2/Les théories qui ne se réfèrent pas à une théorie de la personnalité
  • La Gestalt: La Gestalt-thérapie a été élaboré par un psychanalyse d'origine allemande, Fritz Perls. Une gestalt est une "forme" qui émerge du fond de l'environnement, et qui est perçue comme une totalité en priorité sur les parties la composant. C'est aussi du "présent" à chaque niveau: de "l'ici et maintenant" au niveau social, intellectuel, affectif et sensoriel.

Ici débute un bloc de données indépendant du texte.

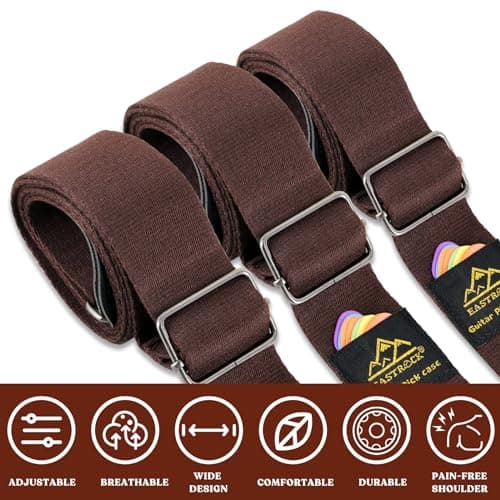 EASTROCK Brown Adjustable Cotton Guitar Strap for Beginners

  • La PNL: La Programmation Neuro-Linguistique, inventée par Richard Bandler et John Grinder (un mathématicien et un linguiste), a pour but de regrouper sous une seule théorie différents modèles scientifiques et psychologiques. Comme son nom l'indique, elle s'appuie essentiellement sur le système nerveux (les perceptions et les gestes) et le langage (moyen "d'influence" sur l'autre, à la manière de Milton Erickson). Elle classe souvent les individus selon qu'ils soient Visuels, Auditifs, Kinesthésiques, Olfactifs ou Gustatifs (VAKOG, soit les 5 sens, dont les 3 premiers sont principaux), et selon qu'ils aient tendance à Aller vers/Éviter de. Les concepts clés sont: le cadre de référence, les métamodèles, les métaprogrammes, la formulation des objectifs, les filtres, le recadrage, les ancrages et la synchronisation.

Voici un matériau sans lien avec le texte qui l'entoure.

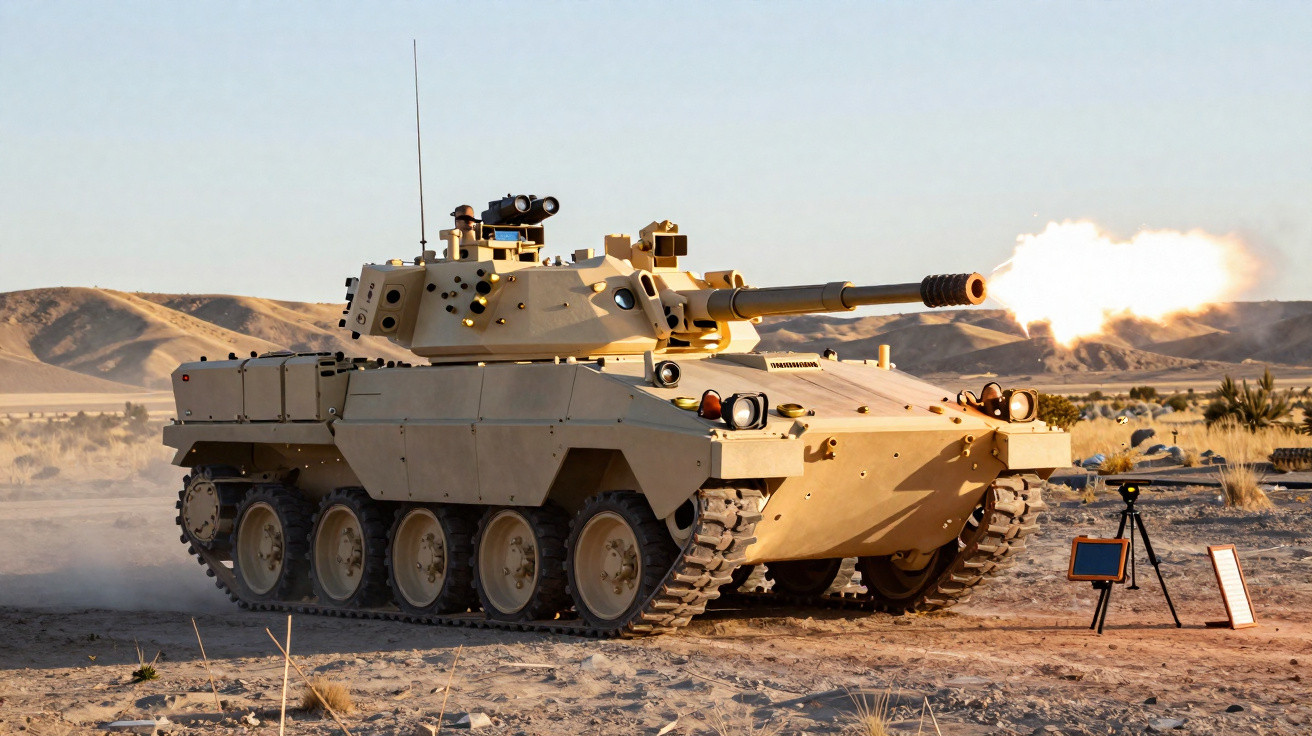 Tanque de guerra bege disparando em terreno desértico com montanhas ao fundo.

  • La Systémique: La théorie générale des systèmes a été développé par le Docteur L. Von Bertalanffy a partir notamment de l'analyse des systèmes biologiques et écologiques. Il a étendu et élaboré ses concepts pour créer un modèle scientifique qui permette de rendre compte de tous les phénomènes, quels qu'ils soient. Ces une théorie élégante, qui prend en considération toute la complexité des phénomènes. La systémique étudie principalement ce qui relie les choses et les évènements, ainsi que le propriétés émergentes résultant de cette mise en relation. On peut de cette façon comprendre, prévoir et agir sur un système, même complexe, de manière correcte et efficace. En ce qui concerne la psychologie, 2 chercheurs connus ont étudié et appliqué la systémique: Bateson et Watzlawick (fameuse École de Palo Alto). Les concepts utilisés habituellement par les systémiciens sont: la métacommunication, le recadrage, la double contrainte, l'homéostasie et le changement d'un système, et l'intervention dite paradoxale. L'approche systémique a beaucoup de liens avec la PNL et l'AT, à mon sens parce qu'elle aussi est une théorie qui s'adapte le plus possible à chaque situation, et aux contextes particuliers des phénomènes.

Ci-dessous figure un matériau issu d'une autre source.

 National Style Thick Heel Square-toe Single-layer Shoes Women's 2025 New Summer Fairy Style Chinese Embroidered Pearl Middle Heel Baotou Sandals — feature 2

Note à propos de la systémique
Certains de ceux à qui j'ai proposé mes services en stratégie systémique aurons remarqué que mon approche est légèrement différente de l'approche systémique habituelle (de celle utilisée en psychologie systémique familiale par exemple).
En effet, j'utilise une forme de la systémique qui s'appuie sur des développements logiques, faits par des disciplines scientifiques comme les sciences biologiques (fonctionnement et logique des organismes, des systèmes neurologiques, cellulaires, génétiques, immunitaires etc.) et aussi surtout les sciences des écosystèmes (interactions entre individus, rôles de l'environnement, systèmes adaptatifs, stabilités, résiliences, indicateurs d'état, évolutions, sélections, hiérarchies, comportements individuels et sociaux etc.).

Le principe de modélisation systémique que j'utilise repose sur le concept des trois processus C,E,T (ou appelés également processeurs CET), concept capable de gérer le changement et le cadre spatio-temporel d'une situation.
Mes clients sont bien sûr informés du fonctionnement de ces différents processus dans la modélisation systémique qui leur est faite. En effet, j'estime que l'on maîtrise mieux des situations lorsque l'on comprend bien les lignes directrices qui sont à l'oeuvre.